Given that balance of payments surveillance remains at the heart of the IMF’s mandate, I would think that risk warrants a bit of attention and analysis. 

The 2009 crisis, thanks to the combination of China’s stimulus and the lagged impact of its 2007-2008 appreciation of the yuan (initially against the dollar, which translated into a broader appreciation when the dollar rallied a bit against the euro) led to a reduction in trade imbalances.     

Without some policy corrections, I fear that there is a real risk that COVID-19 will lead to a sustained, rather than temporary, re-widening of imbalances. 

 

*/ I make more use of the data tables at the back of the WEO than most—so errors in those tables bother me more than most. The 2020 data will be corrected in the spring WEO. But that is a long time to wait for plausible, globally consistent numbers. 

**/ When looking at the impact of trade on the U.S. economy, I typically focus on the non-petrol goods deficit as that clearly shows the impact of the dollar’s 2014 appreciation—and the dynamics around the U.S. oil sector and other traded goods sectors are very different. And services are not accurately estimated in the monthly data, apart from tourism. But for forecasting the current account balance, the goods and services balance is the most relevant high frequency indicator. 

Non-Petrol Goods Deficit vs.

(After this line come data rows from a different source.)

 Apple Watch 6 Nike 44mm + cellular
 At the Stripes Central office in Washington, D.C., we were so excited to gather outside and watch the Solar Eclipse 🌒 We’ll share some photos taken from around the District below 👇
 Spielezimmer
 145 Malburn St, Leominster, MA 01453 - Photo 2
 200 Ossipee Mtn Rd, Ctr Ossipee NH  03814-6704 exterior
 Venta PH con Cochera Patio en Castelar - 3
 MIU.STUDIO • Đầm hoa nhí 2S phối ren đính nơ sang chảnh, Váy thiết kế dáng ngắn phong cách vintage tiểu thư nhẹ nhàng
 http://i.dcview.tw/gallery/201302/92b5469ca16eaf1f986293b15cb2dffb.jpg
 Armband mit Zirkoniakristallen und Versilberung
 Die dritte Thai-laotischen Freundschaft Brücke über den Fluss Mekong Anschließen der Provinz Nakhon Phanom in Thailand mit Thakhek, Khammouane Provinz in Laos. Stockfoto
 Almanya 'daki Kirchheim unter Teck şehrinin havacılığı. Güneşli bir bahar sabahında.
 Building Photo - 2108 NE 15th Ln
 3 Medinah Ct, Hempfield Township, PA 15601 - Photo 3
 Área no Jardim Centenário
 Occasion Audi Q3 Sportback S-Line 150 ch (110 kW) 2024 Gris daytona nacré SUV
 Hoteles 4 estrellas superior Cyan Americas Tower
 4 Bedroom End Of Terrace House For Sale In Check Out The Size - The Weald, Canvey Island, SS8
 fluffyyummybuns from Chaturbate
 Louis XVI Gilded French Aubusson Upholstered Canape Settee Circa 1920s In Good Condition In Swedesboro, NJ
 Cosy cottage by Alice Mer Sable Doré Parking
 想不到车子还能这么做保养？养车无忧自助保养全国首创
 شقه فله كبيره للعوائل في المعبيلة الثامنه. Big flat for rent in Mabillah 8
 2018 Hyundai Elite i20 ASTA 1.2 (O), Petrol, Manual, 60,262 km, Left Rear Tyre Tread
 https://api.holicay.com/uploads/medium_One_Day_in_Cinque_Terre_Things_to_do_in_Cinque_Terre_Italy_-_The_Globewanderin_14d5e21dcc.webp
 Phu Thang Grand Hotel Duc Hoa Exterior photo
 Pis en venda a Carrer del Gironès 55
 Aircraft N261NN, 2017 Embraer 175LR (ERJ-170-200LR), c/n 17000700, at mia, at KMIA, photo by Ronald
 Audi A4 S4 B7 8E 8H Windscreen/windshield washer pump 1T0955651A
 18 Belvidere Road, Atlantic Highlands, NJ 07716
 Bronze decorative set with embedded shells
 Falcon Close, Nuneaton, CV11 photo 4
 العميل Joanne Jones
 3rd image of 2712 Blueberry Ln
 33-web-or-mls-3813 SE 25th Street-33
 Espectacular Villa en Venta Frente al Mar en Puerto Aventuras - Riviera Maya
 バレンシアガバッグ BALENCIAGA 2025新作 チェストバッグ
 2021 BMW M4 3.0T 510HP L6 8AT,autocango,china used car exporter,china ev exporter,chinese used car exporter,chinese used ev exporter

Goods and Services Deficit

***/ The Economist has done several columns on this topic. See this "Chaguan" column, and this "Free Exchange" column.

****/ The ongoing management of China’s exchange rate is not seriously debated. The precise mechanics of that management are still a bit of a mystery. The PBOC’s headline reserves has not moved at all for some time, but China’s state banks have added $125 billion to their foreign assets over the last six months. See Matt Klein in Barron’s.